Records for the exercise:

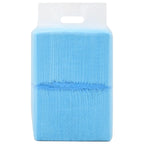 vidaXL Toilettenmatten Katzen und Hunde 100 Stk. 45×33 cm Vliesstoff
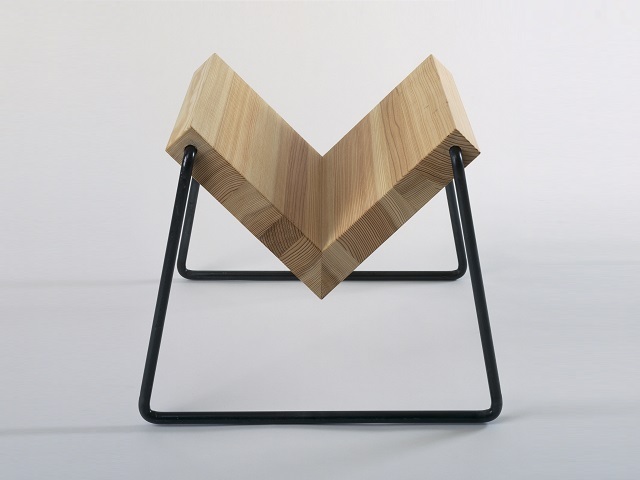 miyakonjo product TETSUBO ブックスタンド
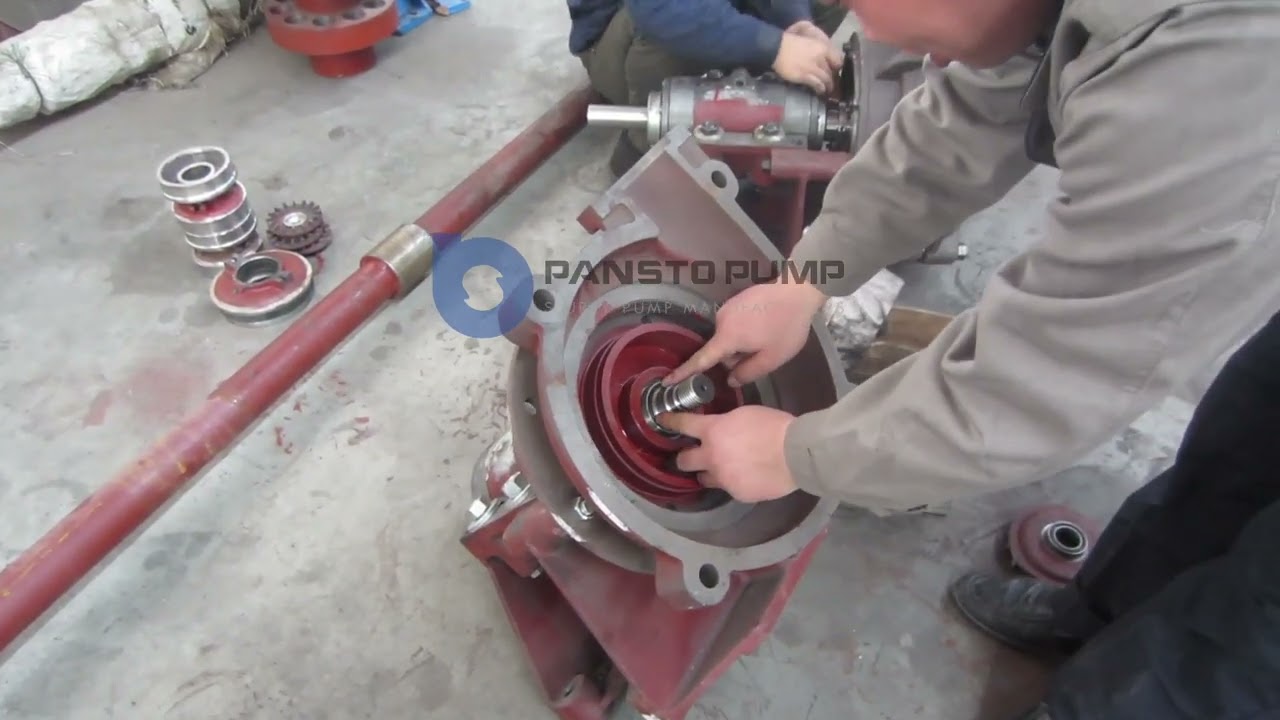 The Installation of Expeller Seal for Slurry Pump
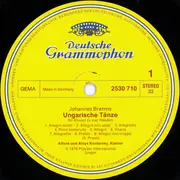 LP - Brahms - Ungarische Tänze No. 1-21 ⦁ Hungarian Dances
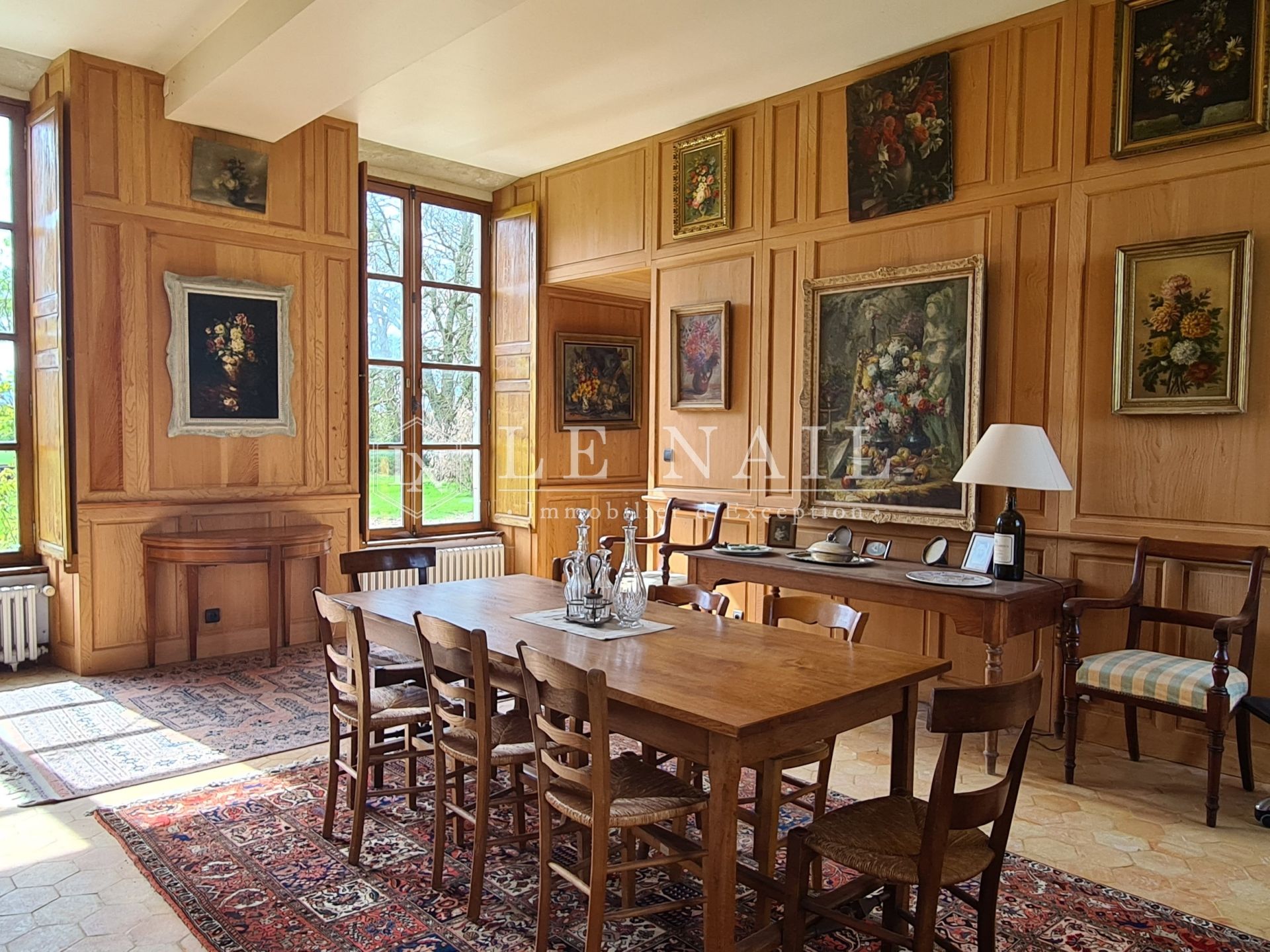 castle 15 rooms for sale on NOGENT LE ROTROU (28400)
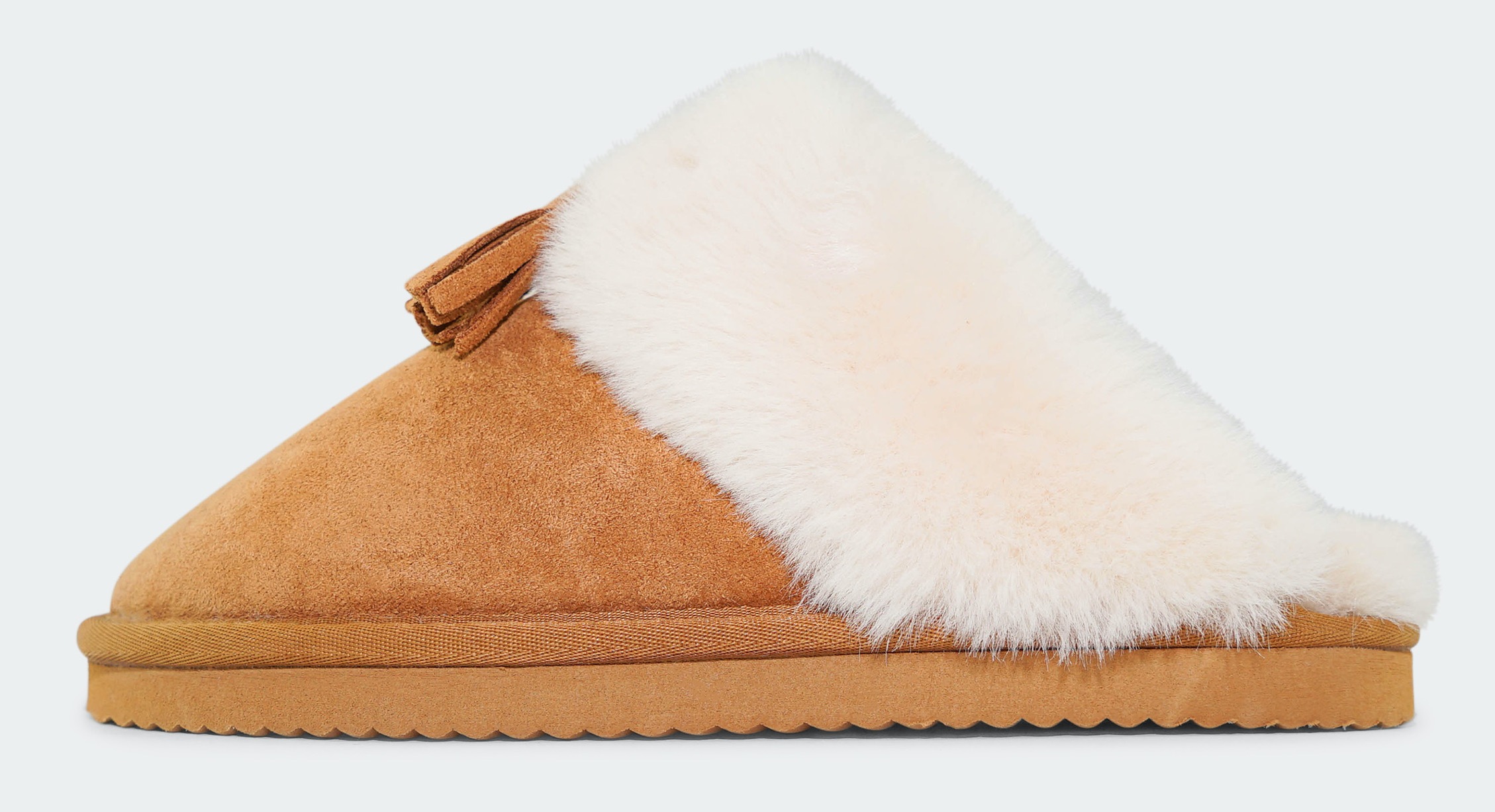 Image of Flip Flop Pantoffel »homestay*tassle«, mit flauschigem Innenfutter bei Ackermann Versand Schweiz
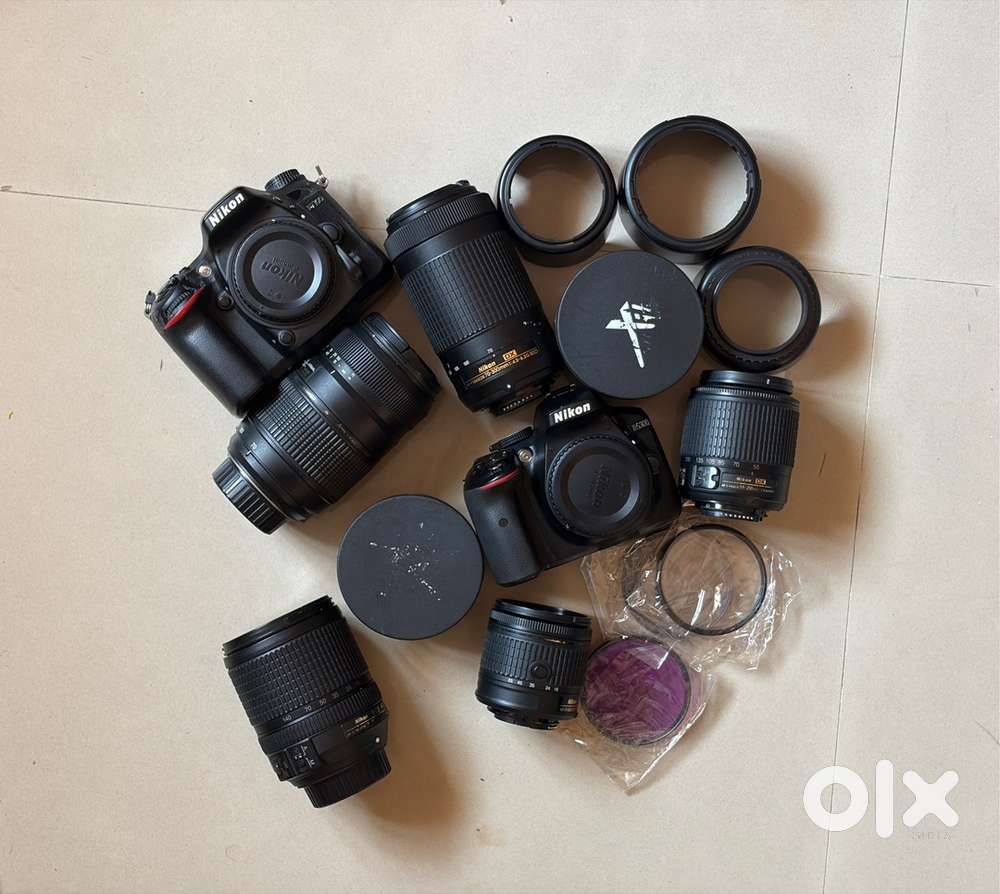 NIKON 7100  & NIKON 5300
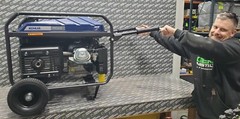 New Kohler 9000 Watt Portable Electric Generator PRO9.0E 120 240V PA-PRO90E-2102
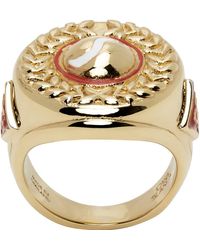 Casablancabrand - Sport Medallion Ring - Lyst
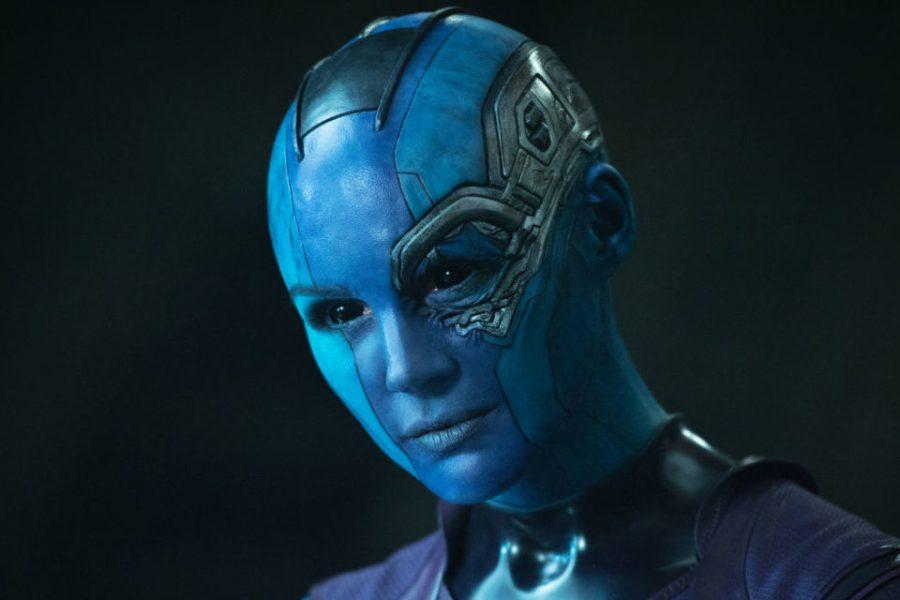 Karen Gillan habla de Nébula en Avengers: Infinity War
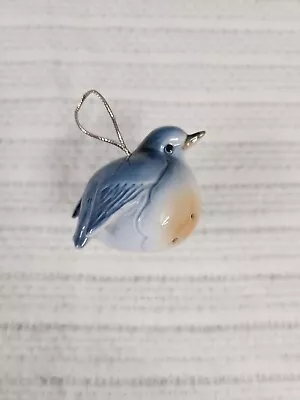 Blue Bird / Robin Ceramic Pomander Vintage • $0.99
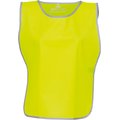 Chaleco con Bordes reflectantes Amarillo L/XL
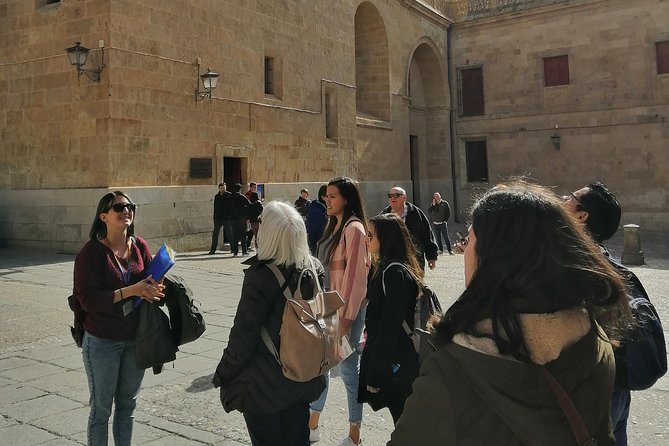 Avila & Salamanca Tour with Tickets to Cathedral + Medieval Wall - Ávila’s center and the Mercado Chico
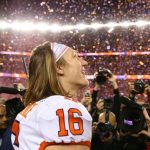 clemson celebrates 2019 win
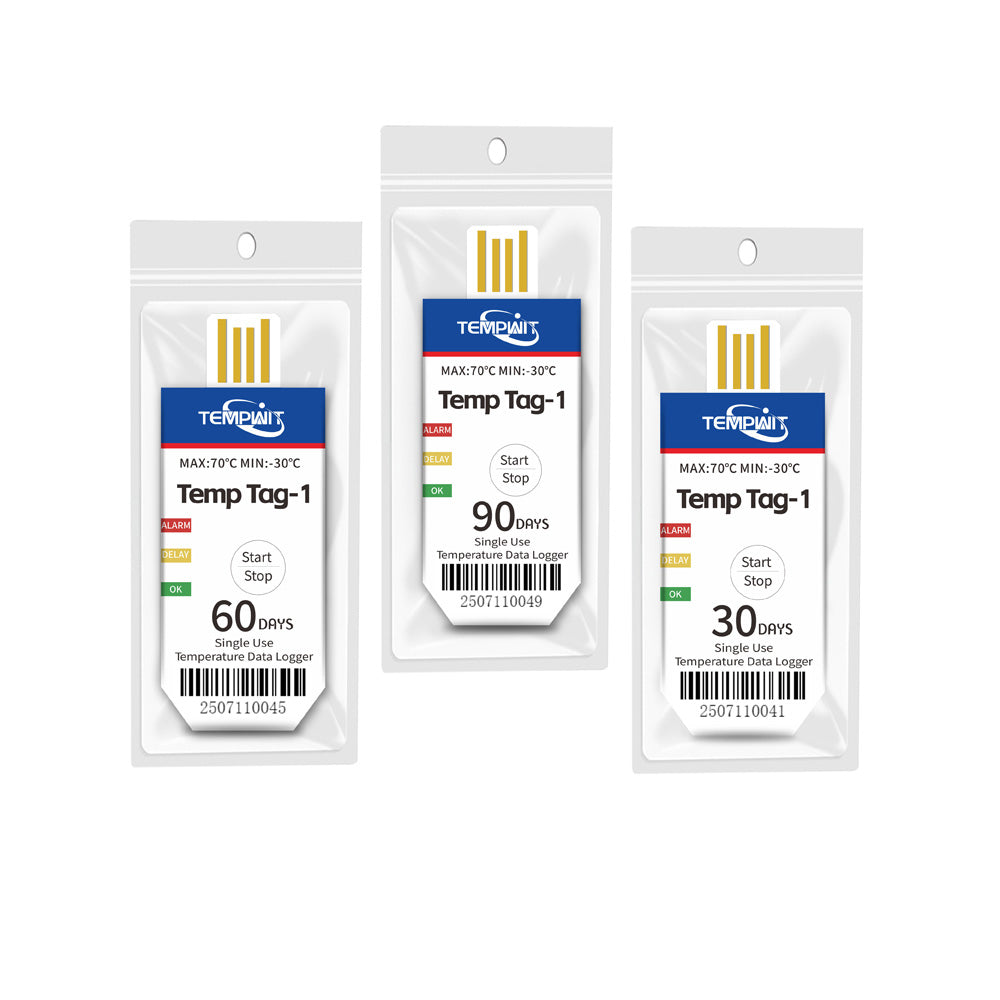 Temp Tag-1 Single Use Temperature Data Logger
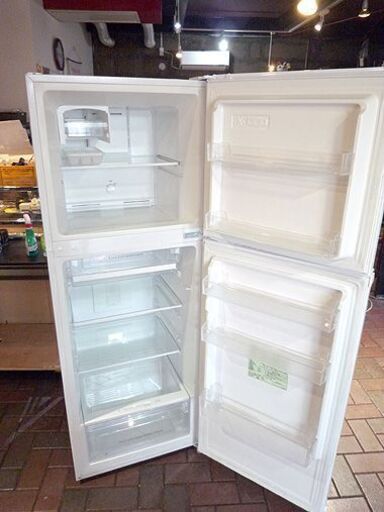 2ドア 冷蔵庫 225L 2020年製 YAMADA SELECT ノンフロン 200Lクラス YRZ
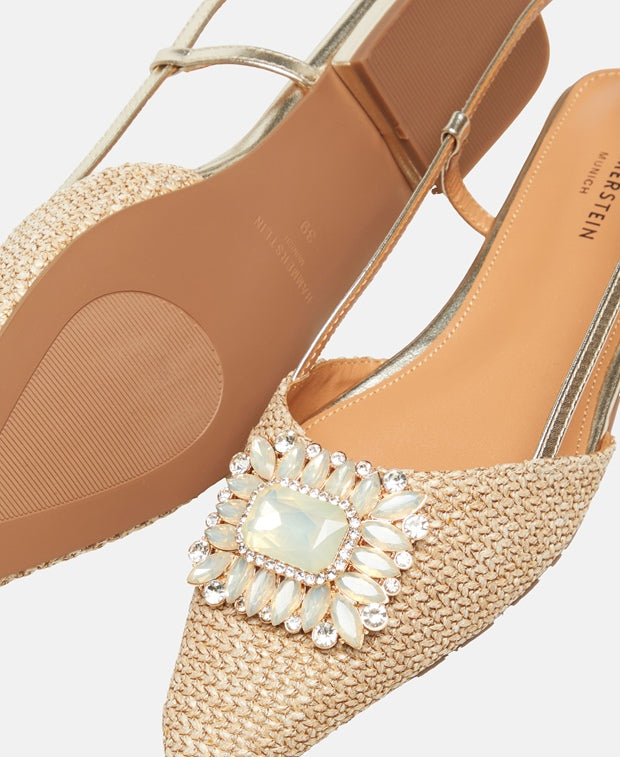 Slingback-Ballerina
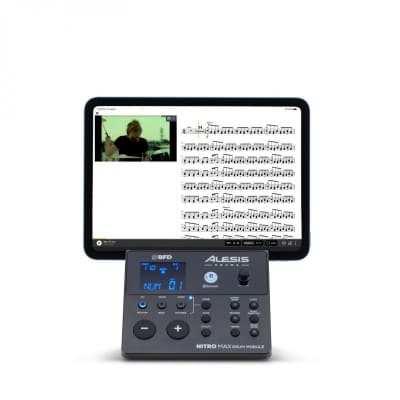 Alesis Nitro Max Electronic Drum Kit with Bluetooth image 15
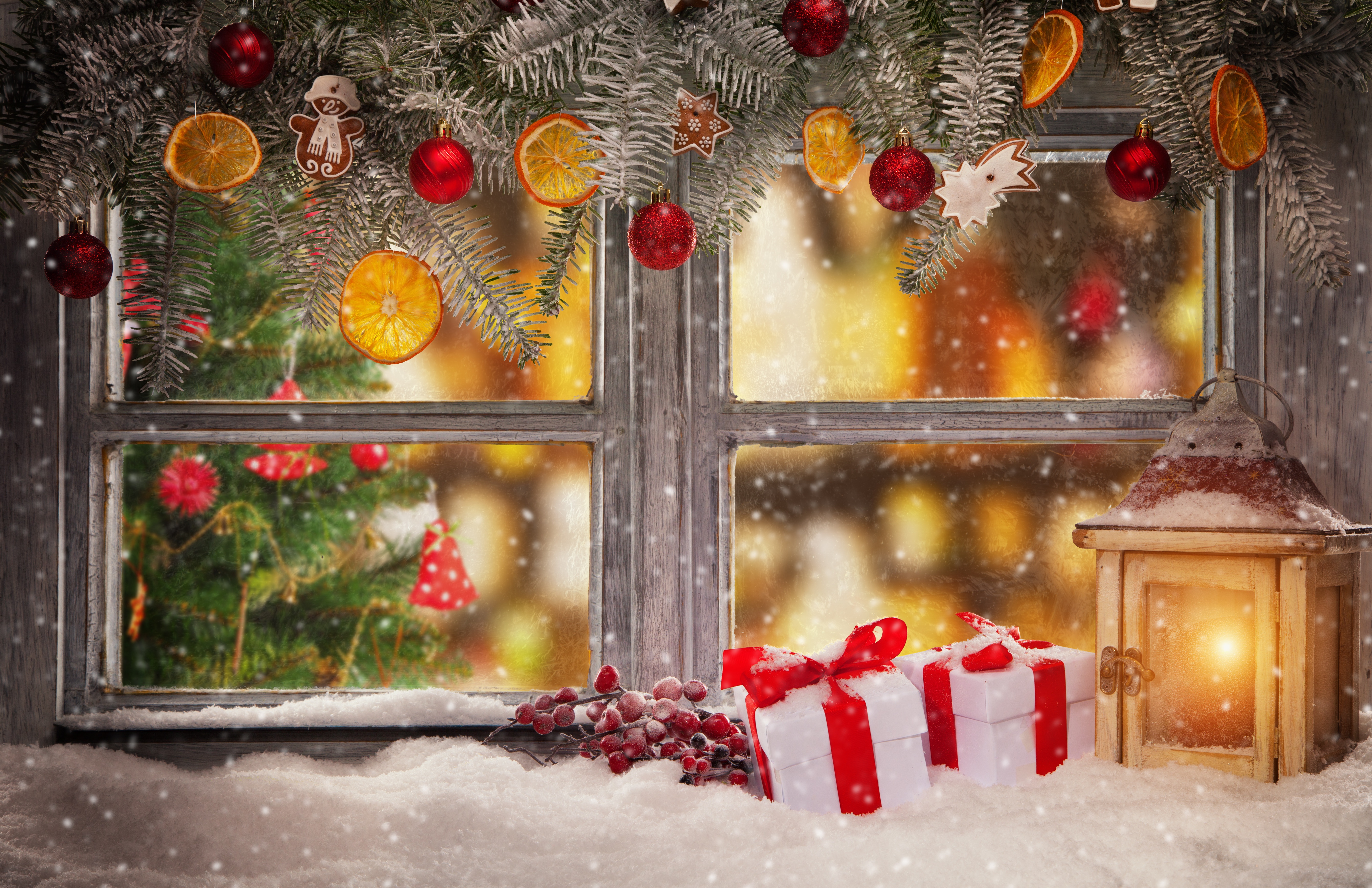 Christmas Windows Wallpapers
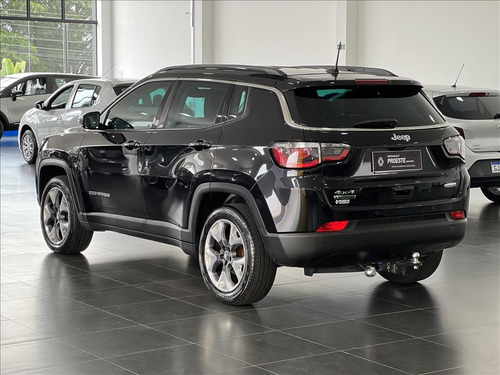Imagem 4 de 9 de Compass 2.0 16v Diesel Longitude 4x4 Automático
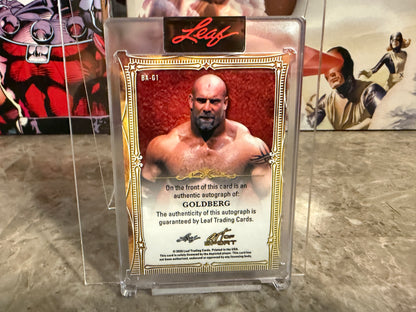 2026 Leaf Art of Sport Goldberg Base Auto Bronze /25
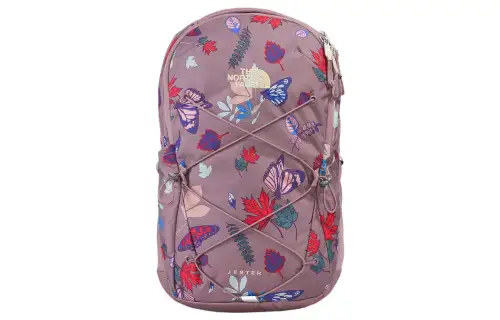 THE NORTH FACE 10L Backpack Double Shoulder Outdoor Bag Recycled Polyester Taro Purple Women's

What to produce: Using the data above, output the line that has "miyakonjo product TETSUBO ブックスタンド", the line that has "Temp Tag-1 Single", and whatever lines fall between, each exactly as it stands and without pictures.

Result:
 miyakonjo product TETSUBO ブックスタンド
 The Installation of Expeller Seal for Slurry Pump
 LP - Brahms - Ungarische Tänze No. 1-21 ⦁ Hungarian Dances
 castle 15 rooms for sale on NOGENT LE ROTROU (28400)
 Image of Flip Flop Pantoffel »homestay*tassle«, mit flauschigem Innenfutter bei Ackermann Versand Schweiz
 NIKON 7100  & NIKON 5300
 New Kohler 9000 Watt Portable Electric Generator PRO9.0E 120 240V PA-PRO90E-2102
 Casablancabrand - Sport Medallion Ring - Lyst
 Karen Gillan habla de Nébula en Avengers: Infinity War
 Blue Bird / Robin Ceramic Pomander Vintage • $0.99
 Chaleco con Bordes reflectantes Amarillo L/XL
 Avila & Salamanca Tour with Tickets to Cathedral + Medieval Wall - Ávila’s center and the Mercado Chico
 clemson celebrates 2019 win
 Temp Tag-1 Single Use Temperature Data Logger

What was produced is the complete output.